Muchas veces pienso en aquella primera etapa de mi vida donde yo no controlaba cuando orinaba, todo me lo hacía encima. Mi madre me enseñaba a que lo hiciera en un pequeño orinal para dejar atrás el pañal. Tras muchos intentos por fin lo conseguí.
Pero ese control no fue total hasta que fui un mocito, me despertaba en las mañanas con las sábanas mojadas. Corría avergonzado a esconderlas y me encerraba en el baño a llorar. A mis hermanos no le sucedía y se burlaban de mí. Ante este hecho, mi mamá me llevó al médico y descubrimos que no sólo a mí me sucedía. Había más casos.
Aquí comenzó otra batalla. Noche tras noche, mi madre actuaba como despertador y me levantaba para ir al baño. Después de un tiempo dejé de mojar la cama. Pasó la adolescencia, me hice adulto y aquellos episodios quedaron atrás.

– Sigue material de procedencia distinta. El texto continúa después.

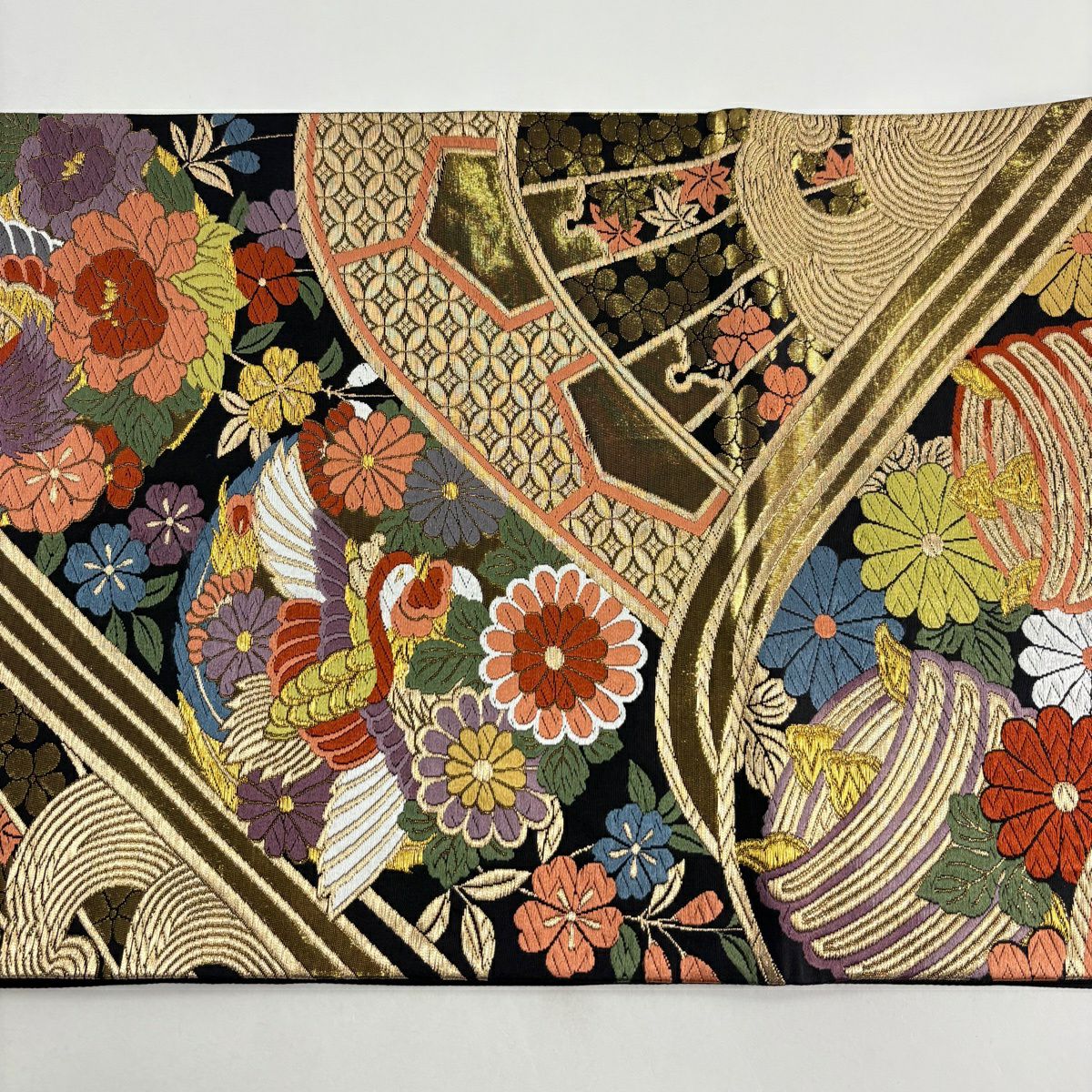 【美品】 袋帶 秀品級 花鳥 片輪車 金絲 唐織 黑 六通 純蠶絲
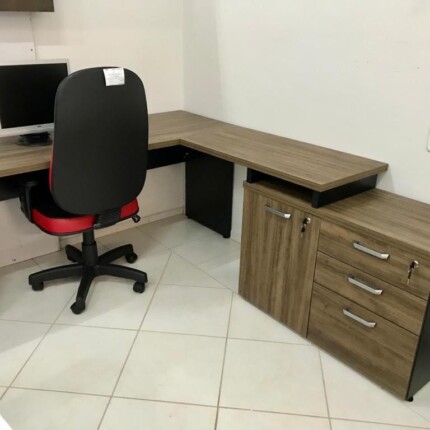 Mesa de Escritório Canto 1,50m x 1,95m FLEX Yaris (6100-4249) - Imagem 3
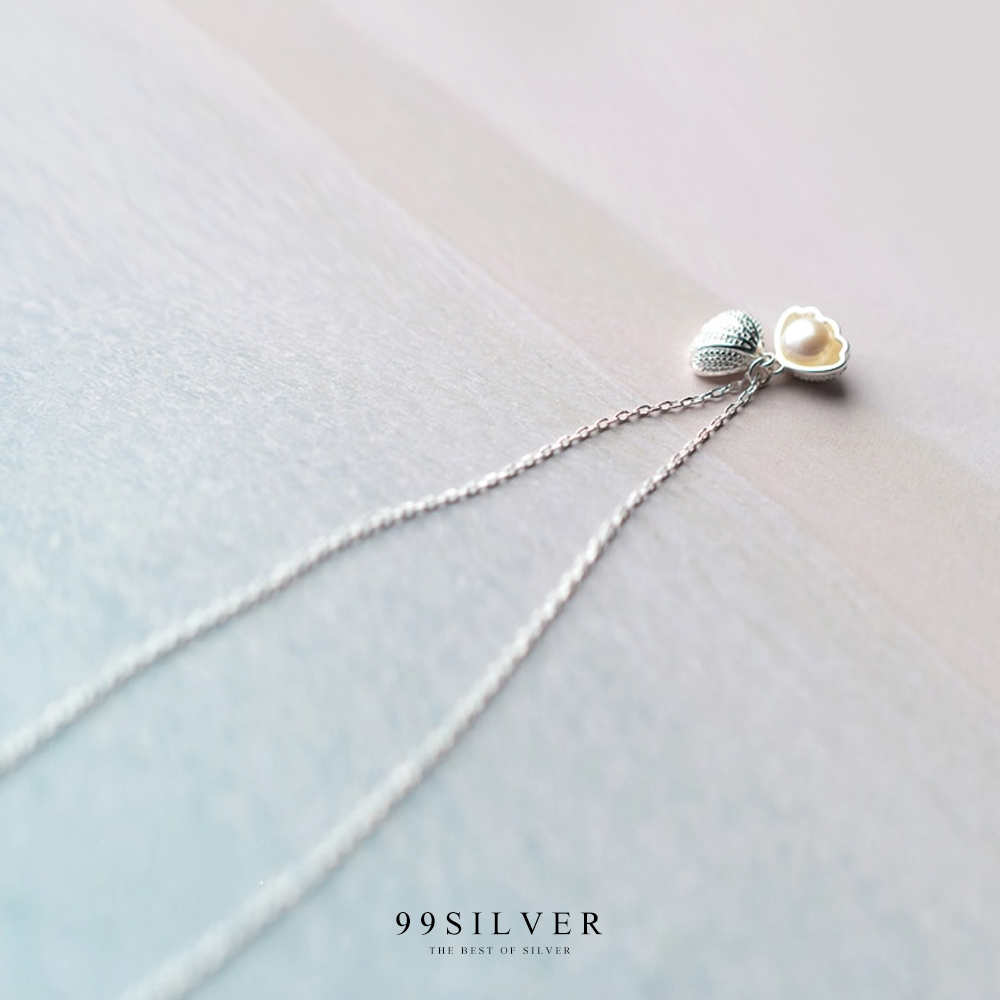 จี้ไข่มุก ตัวเรือนทำจากเงินแท้เป็นรูปเปลอยหอยมุกปิดฝา มีไข่มุกอยู่ข้างใน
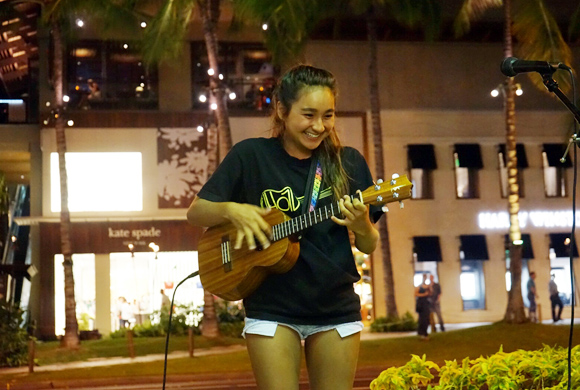 人気急上昇中のハワイのウクレレガールズHonoka & Azita (ホノカ&アジータ)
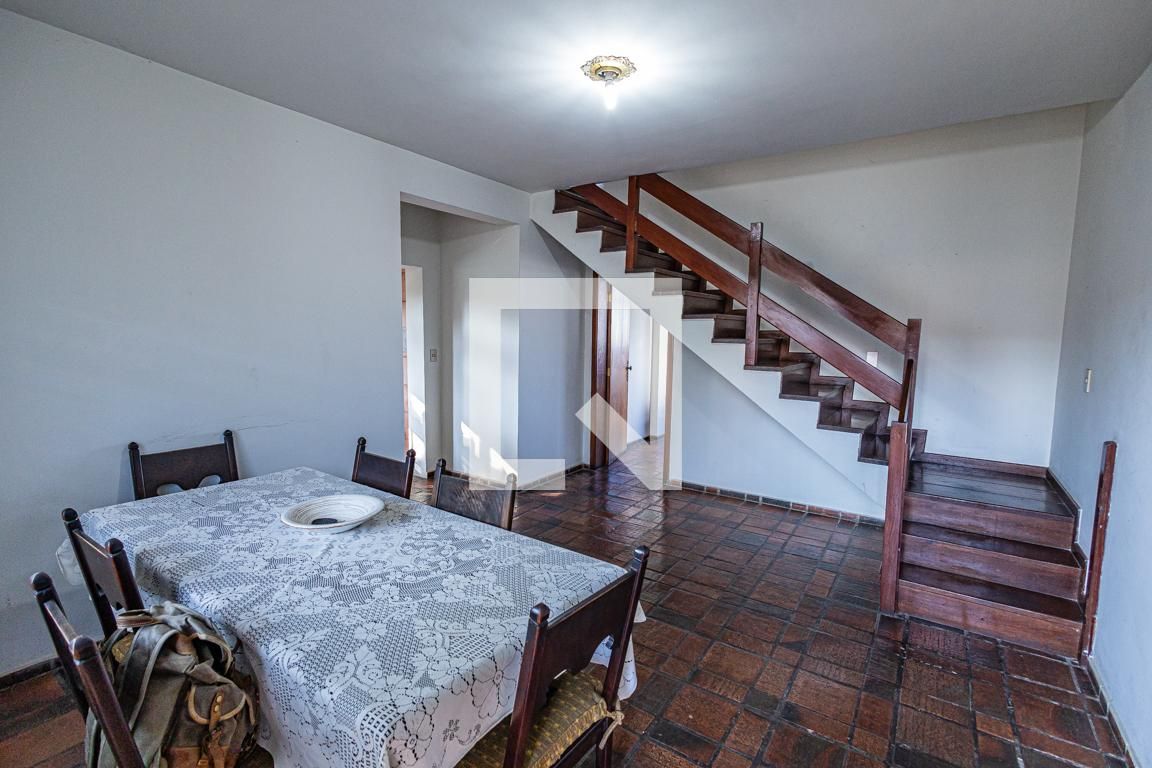 Casa com 4 quartos — Planalto, Belo Horizonte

Y aquí estoy en mi última etapa de la vida, los años no se perdonan y parece que vuelvo a aquella niñez. Mi cuerpo envejecido reclama su ración de pastillas para que funcione bien, pero a su vez me traen por el camino de la amargura.
No comprendo cómo un hombre puede orinar tanto. Cuando veo dibujos animados en la tele donde el personaje se retuerce por sus ganas de orinar, ya no me río como antes porque yo sé lo que es eso.
Tiemblo cuando salgo a la calle porque mi vejiga no se aguanta y he de buscar rápido una cafetería, o si me pilla en una caminata buscar un rincón donde meterme. Cuando viajo en un autocar sin aseo tengo que rogarle al conductor que me deje bajar, para ir al baño en una estación donde la parada sólo es para que bajen y suban los viajeros.
En la noche me levanto cada dos horas, si no coincide antes, para ir al rincón más visitado de la casa. Y allí estoy, dando rienda suelta al manantial.
Tiemblo al pensar que algún día de nuevo tenga que usar pañal. Interiormente me siento atemorizado de que ello suceda y no sé si llorar. Me doy cuenta que cada cuerpo envejece de una manera, y envidio a aquellos que con edad avanzada corren libres sin ataduras. Yo ruego que mis últimos días no sean como los terrores que me persiguen.